───── Extracted entries ─────
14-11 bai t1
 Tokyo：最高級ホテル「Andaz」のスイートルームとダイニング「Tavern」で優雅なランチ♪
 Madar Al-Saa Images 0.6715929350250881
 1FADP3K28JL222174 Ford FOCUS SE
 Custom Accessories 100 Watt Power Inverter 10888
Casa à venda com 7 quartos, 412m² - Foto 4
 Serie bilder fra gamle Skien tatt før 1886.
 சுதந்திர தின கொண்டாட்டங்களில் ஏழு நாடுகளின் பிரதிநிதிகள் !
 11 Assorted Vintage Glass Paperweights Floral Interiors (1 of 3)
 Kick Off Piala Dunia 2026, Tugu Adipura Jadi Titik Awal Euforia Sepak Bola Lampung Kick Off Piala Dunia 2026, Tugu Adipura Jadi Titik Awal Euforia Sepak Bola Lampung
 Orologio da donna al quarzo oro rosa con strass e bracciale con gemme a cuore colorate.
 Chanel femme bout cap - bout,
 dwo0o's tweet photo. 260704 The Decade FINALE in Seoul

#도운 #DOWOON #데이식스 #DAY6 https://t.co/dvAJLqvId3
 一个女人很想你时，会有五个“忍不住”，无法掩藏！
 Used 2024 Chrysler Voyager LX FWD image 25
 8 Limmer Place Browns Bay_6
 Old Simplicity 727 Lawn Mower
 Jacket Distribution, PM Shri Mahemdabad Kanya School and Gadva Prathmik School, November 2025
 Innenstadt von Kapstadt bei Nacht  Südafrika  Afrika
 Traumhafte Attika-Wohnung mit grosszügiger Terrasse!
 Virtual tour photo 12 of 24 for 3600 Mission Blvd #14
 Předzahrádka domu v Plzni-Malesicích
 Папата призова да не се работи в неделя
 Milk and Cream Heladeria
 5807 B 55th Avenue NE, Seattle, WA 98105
─────
● Your objective: From the first line to the last, reproduce the data exactly.

● Your solution:
14-11 bai t1
 Tokyo：最高級ホテル「Andaz」のスイートルームとダイニング「Tavern」で優雅なランチ♪
 Madar Al-Saa Images 0.6715929350250881
 1FADP3K28JL222174 Ford FOCUS SE
 Custom Accessories 100 Watt Power Inverter 10888
Casa à venda com 7 quartos, 412m² - Foto 4
 Serie bilder fra gamle Skien tatt før 1886.
 சுதந்திர தின கொண்டாட்டங்களில் ஏழு நாடுகளின் பிரதிநிதிகள் !
 11 Assorted Vintage Glass Paperweights Floral Interiors (1 of 3)
 Kick Off Piala Dunia 2026, Tugu Adipura Jadi Titik Awal Euforia Sepak Bola Lampung Kick Off Piala Dunia 2026, Tugu Adipura Jadi Titik Awal Euforia Sepak Bola Lampung
 Orologio da donna al quarzo oro rosa con strass e bracciale con gemme a cuore colorate.
 Chanel femme bout cap - bout,
 dwo0o's tweet photo. 260704 The Decade FINALE in Seoul

#도운 #DOWOON #데이식스 #DAY6 https://t.co/dvAJLqvId3
 一个女人很想你时，会有五个“忍不住”，无法掩藏！
 Used 2024 Chrysler Voyager LX FWD image 25
 8 Limmer Place Browns Bay_6
 Old Simplicity 727 Lawn Mower
 Jacket Distribution, PM Shri Mahemdabad Kanya School and Gadva Prathmik School, November 2025
 Innenstadt von Kapstadt bei Nacht  Südafrika  Afrika
 Traumhafte Attika-Wohnung mit grosszügiger Terrasse!
 Virtual tour photo 12 of 24 for 3600 Mission Blvd #14
 Předzahrádka domu v Plzni-Malesicích
 Папата призова да не се работи в неделя
 Milk and Cream Heladeria
 5807 B 55th Avenue NE, Seattle, WA 98105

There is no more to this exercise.